Technological factors:
  • Due to large direct investments in research and development, significant changes are taking place in industry (Invest in Lithuania 2019);
  • Difficulties arise in trying to protect intellectual property through the technological development of companies;
  • Technological development is faster than consumer access to technological solutions;
  • User interfaces are still overused based on the needs of companies rather than the needs of customers;
  • Smartphone apps are changing the way customers use banking services;
  • Increasing competition and technological progress encourage traditional financial institutions to improve their systems (Anagnastopoulos 2018);
  • The current range of financial services is mainly related to: payments, micro/P2P/P2B lending, crowdfunding, crowd investing, online commerce and personal finance management (Invest in Lithuania 2019).
Environmental factors:
  • FinTech’s global hubs are currently in New York, London, Singapore and Tel Aviv, but Lithuania aims to become the European FinTech hub (Bank of Lithuania 2020);
  • The development of FinTech has a positive impact on the environment, as services that cause greater environmental pollution are replaced by new ones;
  • Increasing competition for banks encourages the inclusion of an increasing number of new market segments as they expand their business (Wonglimpiyarat 2018);
  • Due to the large number of start-ups and traditional financial institutions in the FinTech sector, the quality of services is developing rapidly and correcting gaps, thus taking over niche markets (Shim and Shin 2016).
Legal factors:
  • Local policy does not allow the quick and easy acquisition of licenses for start-ups (Bank of Lithuania 2020);
  • Patents and invention licenses facilitate the functioning of slow market entities;
  • Tightening regulation creates a need for flexibility in systems (Ministry of Finance 2020);
  • To ensure the security of personal information and money, consumers need specific safety rules for financial services;
  • Trends in the digitalization of industry require advanced authentication and secure access tools and the adaptation of biometric data (Invest in Lithuania 2019).

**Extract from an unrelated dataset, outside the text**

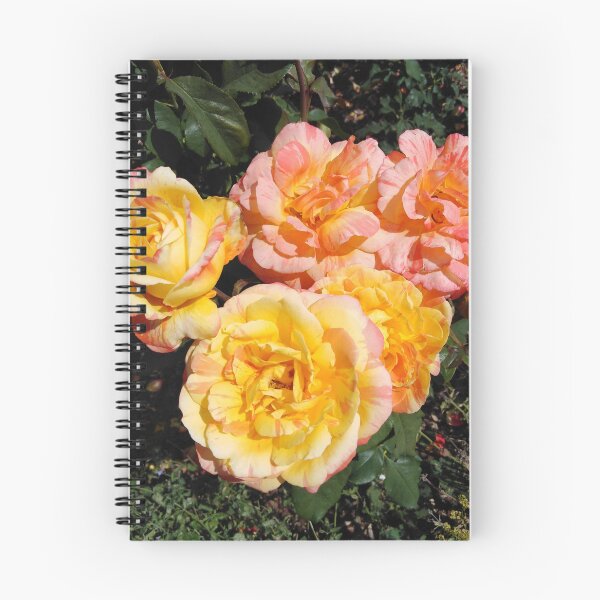 Item preview, Sometimes love is as bright as a rose designed and sold by Raigitam.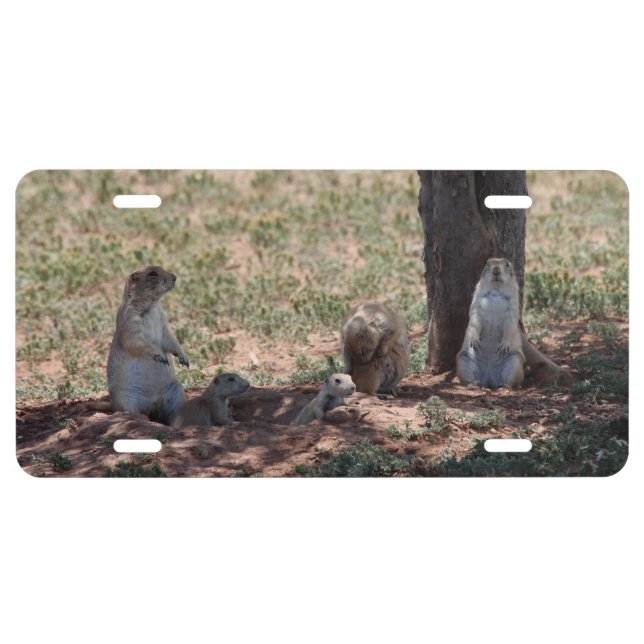 Prairie Dog Family License Plate (Front)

The results of SWOT and PESTEL analyses have shown that the FinTech sector in Lithuania is just beginning to show its potential, which means that a lot of capital is being invested in this industry and a huge growth is expected. Lately we could see a rapid growth in FinTech sector and we hope it will continue.

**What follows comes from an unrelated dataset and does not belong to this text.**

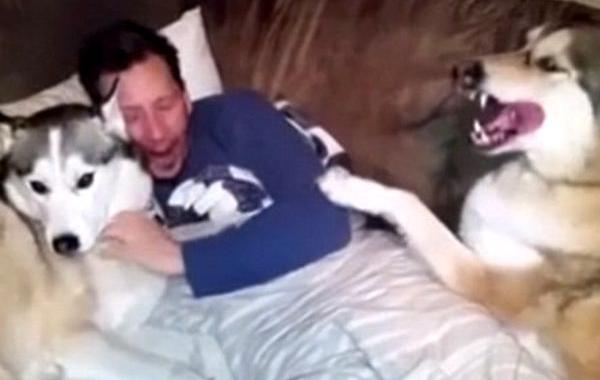 ревнивый хаски, хаски хочет чтобы чесали только его, хаски ревнует, собака ревнует хозяина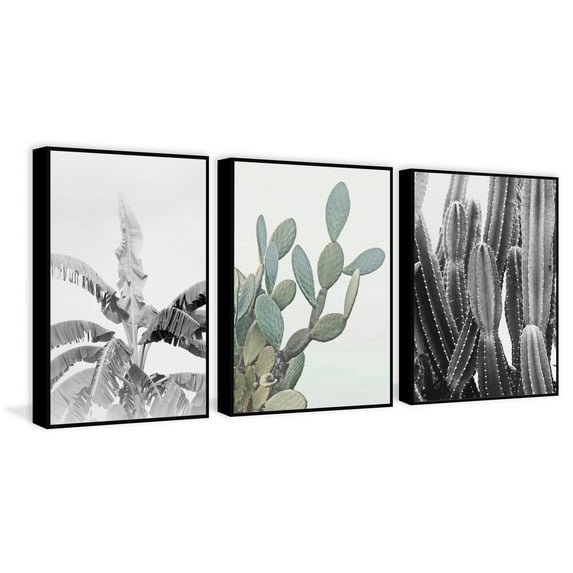 Vintage Cacti Triptych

4.3. Multiple Regression Analysis and Qualitative Assessment

In order to clarify the relationship between the number of Lithuanian FinTech companies and the banking sector in the country, a multiple regression analysis was carried out. The following indicators were selected for the study: the dependent variable—number of FinTech companies (FinTech) and explanatory variables—banks’ net interest margin (NIM), efficiency ratio (EFE), return on assets (ROA), return on equity (ROE) and current year profit (PRO). It was investigated how the explanatory variables NIM, EFE, ROA, ROE, and PRO make way for the dependent variable FinTech.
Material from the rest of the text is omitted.